4. Rondale Moore, Purdue– 5’9”, 175 lbs

Courtesy: CBS Sports

Rondale Moore has had an interesting career at Purdue. In 2018 he put himself on the map with a phenomenal season receiving for over 1,000 yards and 12 touchdowns. Unfortunately in 2019 Moore was out for the majority of the season with an injury and then he has struggled with injuries some in the 2020 season. Moore is a fun prospect to watch. He has incredible route running and he is a monster once he gets the ball in his hands. The issues that surround Moore are his durability issues and his size. He is not your traditional build for a receiver. His lack of size shows whenever he has to go for a contested ball or whenever a corner gets physical with him. Regardless, when healthy Moore is a valuable weapon and is one of those wide receivers that possesses a constant big play threat.

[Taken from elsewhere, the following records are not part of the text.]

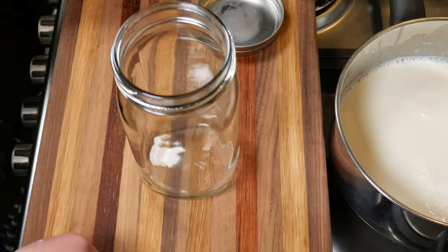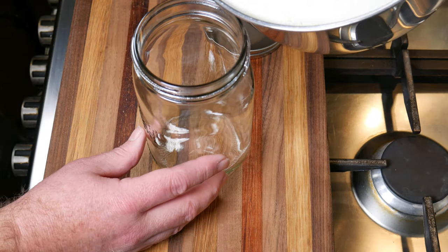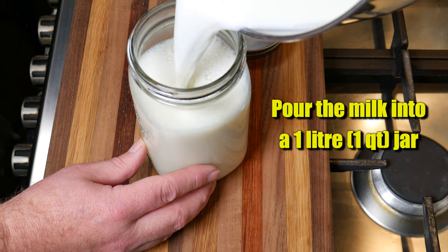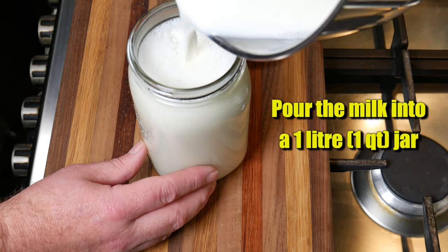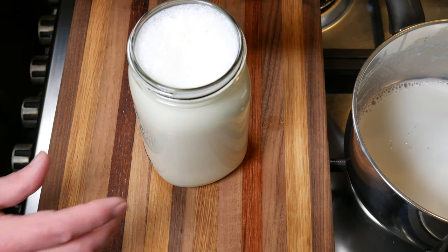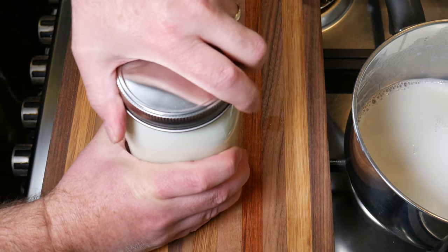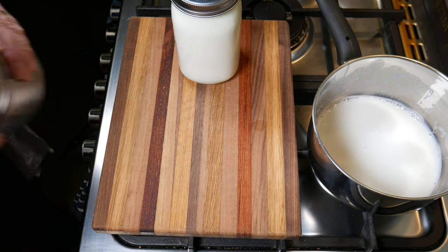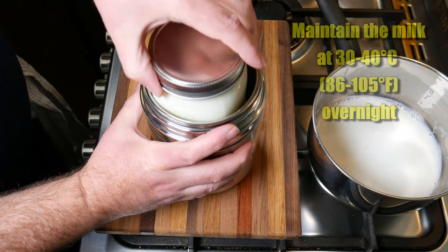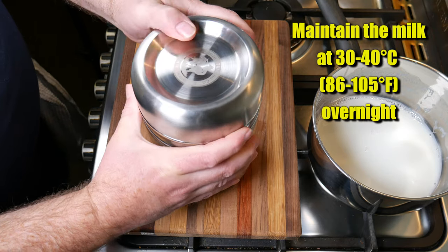Take it off the stove top to stop it from heating any further, and pour it into your one litre or one quart jar. It didn't quite fit — I think I must have measured out too much milk. Screw the lid on nice and tight. I'm using a double-walled stainless steel thermos that fits a jar in, and you maintain the milk at 30 to 40 degrees Celsius overnight.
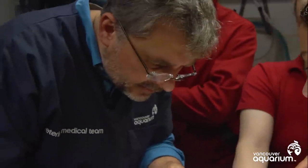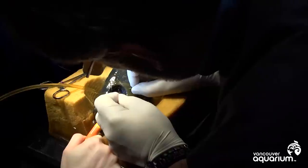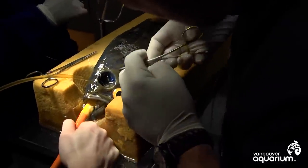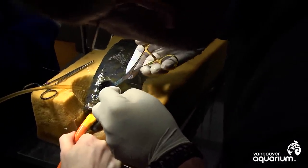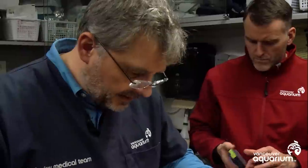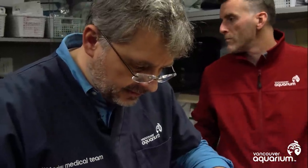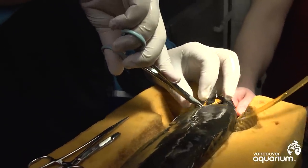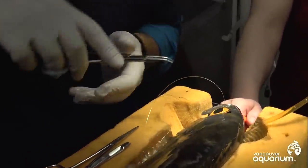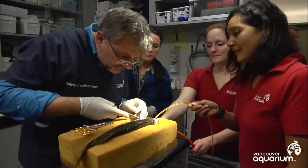Nice job. So I just use the needle to make a hole through the bone, and then I try to run the suture through the same hole. I'm going to have to move him up a little bit, just on his side. We're just cutting the suture, getting rid of the little tags.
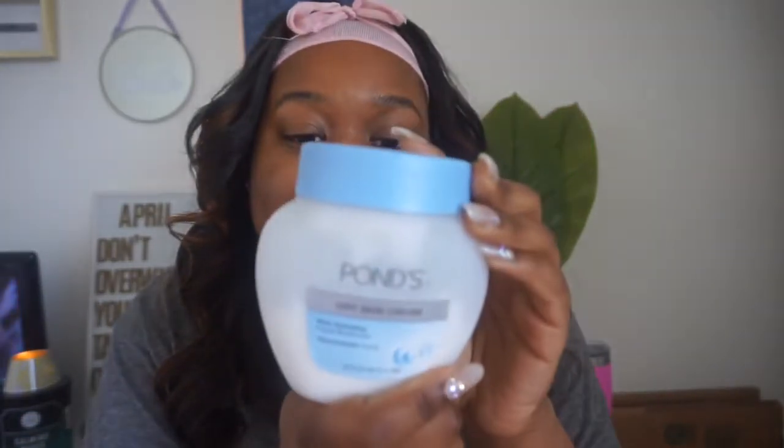I'm going to moisturize with Pond's Dry Skin Cream, which is weird because I don't have dry skin. Clearly my voice isn't working right now, so I'm going to drink some tea. Okay, we're good. I don't have dry skin, but this stuff makes my skin feel great and look great.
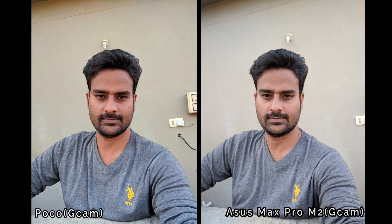In the front camera samples, there is a little bit of color difference, but when zooming in there is a little more detail in the Max Pro M2. The reason is that the Max Pro M2 has a full 13 megapixel front camera in Google Cam, while the Poco has only a 5 megapixel front camera.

5. Jaylen Waddle, Alabama–5’10”, 177 lbs

wide receivers nfl draft
Courtesy: Touchdown Alabama

If not for a season-ending injury this season with a broken ankle, I would have Jaylen Waddle so much higher on my board. While I have no doubt that he will return at full health, to be cautious I will place him here. Waddle was having such a strong start to his season and was really answering a lot of questions and doubts about him through the summer. Through four games he had already surpassed his receiving totals for the 2019 season. Waddle will possibly be one of the fastest receivers in the Draft should he forgo his senior season. He has ridiculous speed and is a threat in so many aspects of the game. He can be used in the slot, screens, even on sweeps. Waddle is one of those multi-talented wide receivers who is going to be deadly at the next level.

Outside Looking In

wide receivers nfl draft
Courtesy: CBS Sports


6. Chris Olave, Ohio State–6’1”, 185 lbs

Chris Olave is arguably the best route runner that will be going into this NFL Draft. In 2019 Olave caught for just under 1,000 yards and had 12 touchdowns. Considering the amount of targets that the Buckeyes have and the offense they run, that is pretty good. So far in this shortened season his stats haven’t been that strong, but he has been playing good ball. Olave is not a receiver that is going to be the kind of guy to get a lot of yards after the catch. But the fact that he can run routes so well, create separation, and have reliable hands makes up for it. Olave is one of the more underrated and overlooked receivers headed into 2021.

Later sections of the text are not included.